Metroparks is partnering with the U.S. Forest Service to clean up after the devastating infestation of an invasive insect called the emerald ash borer.
The project started this winter and includes removing dead ash trees at Pearson, Wildwood and Secor Metropark. It will also involve removing invasive plants that have flourished as a result of open forest canopies, and planting thousands of new trees to take the place of those that were lost.
The goal of the project is to remove dead trees that pose a potential safety hazard. It is not related to a previous tree-cutting project by a state agency that attempted to stop the spread of the insect.

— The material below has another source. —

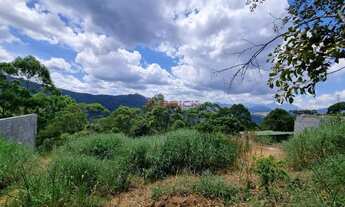Imagem: Terreno com 600 m² em condomínio no Parque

Between 2003 and 2005 the Ohio Department of Agriculture initiated a plan to keep the tree-killing insect from reaching other parts of Ohio. The plan was made up of three parts: 1) Remove isolated pockets of ash trees where the borer was known to exist. 2) Establish quarantine zones to restrict the movement of infested wood products from entering counties that where not yet infested. 3) And establish a barrier within the state to stop the natural spread.

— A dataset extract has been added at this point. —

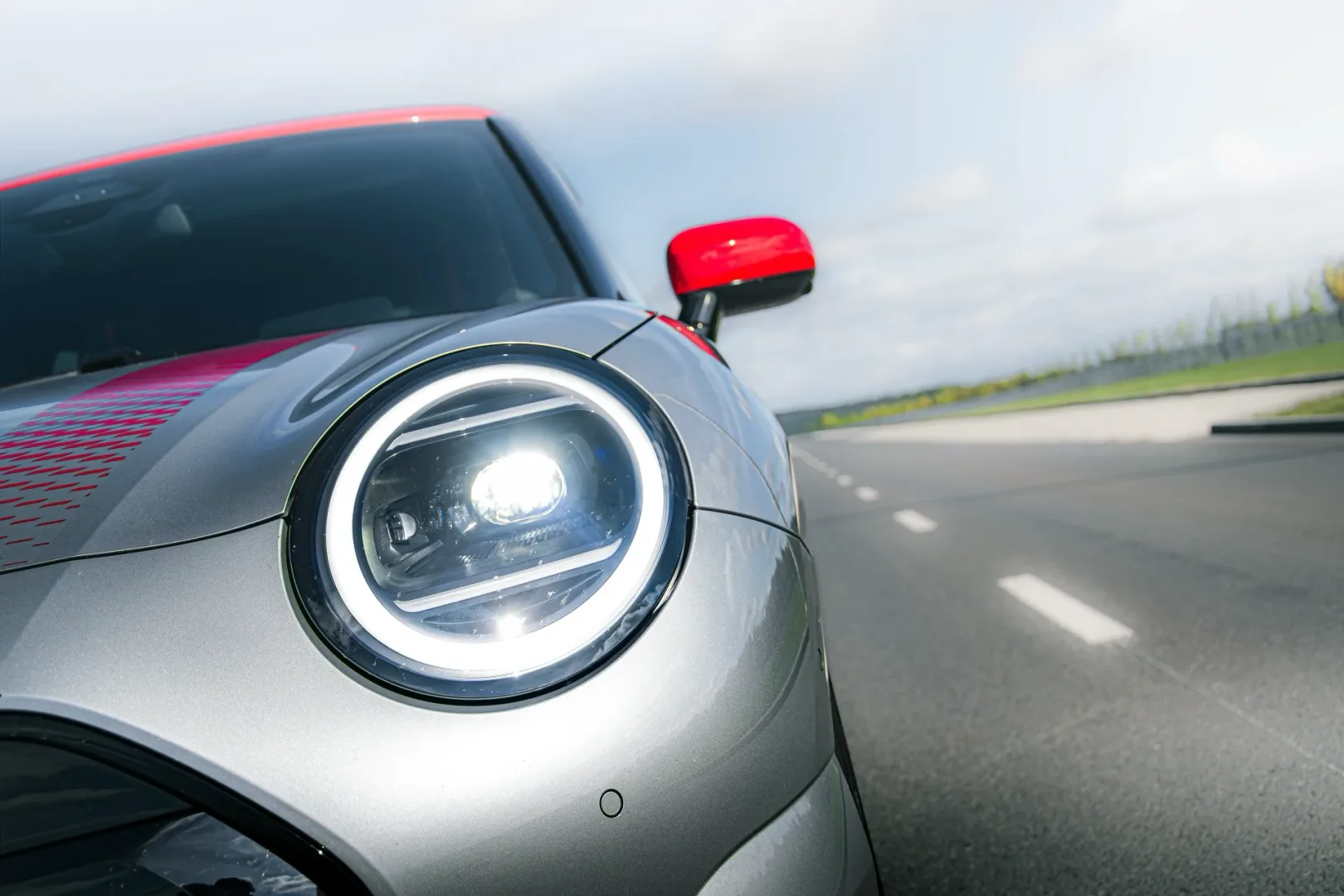 MINI John Cooper Works E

Under the plan, in 2003 the state exercised its authority to begin removing ash trees at Pearson. Metroparks took the unprecedented step of closing Pearson during most of the work to protect public safety. When funding ran out, the state project ended, leaving thousands of dying ash trees which now pose a safety hazard to park visitors.

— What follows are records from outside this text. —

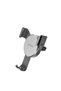 Mechanical In-Car Phone Holder Silver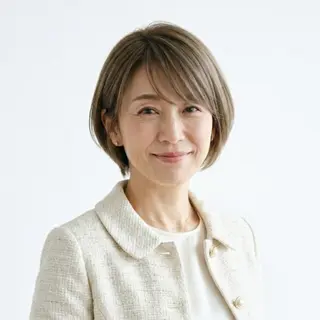 ショート カラー 🌿京都丸みショート /小倉徒歩4分/多田のヘアスタイル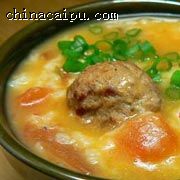 疙瘩汤怎么做？_美食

In 2007 and 2008 Metroparks began prioritizing hazardous ash trees that posed the greatest safety risk, targeting trees near trails, buildings and roadways. These trees where removed using trained staff and private contractors, however funding was limited.
In 2009, Metroparks applied for and received federal funding through the American Recovery and Reinvestment Act. The federal funding is important because it allows Metroparks to continue the costly work of removing dead ash trees before they become a significant hazard to park visitors, while also creating jobs.
Small Insect, Big Problem
Since 2004, the tiny emerald ash borer has killed over 12 million ash trees in 13 states, two Canadian provinces and more than two-thirds of the counties in Ohio. The effects have been tremendous on Ohio’s forests, where about one in every 10 trees is an ash species.
In response to the environmental impact and the borer, Metroparks is committed to continuing to restore and sustain healthy forest and riparian ecosystems. In order to accomplish this, park district is working toward the following goals:
Control and remove invasive species in affected areas - Where ash trees have fallen or been removed, the forest will be open to more sunlight, which may encourage invasive plant species by spreading seeds or creating disturbed conditions conducive to these unwanted plants.
Log jam control and removal – For the sake of healthy rivers, it is important that dead ash trees are removed near river channels in floodplains to reduce the risk of log jams, which cause local flooding.
Native plant species propagation and restoration - Metroparks, in partnership with the U. S. Forest Service, will plant thousands of native trees (particularly American elm) to replace the ash trees that were lost. The elms were reproduced from trees found in Ohio that have a resistance to Dutch elm disease.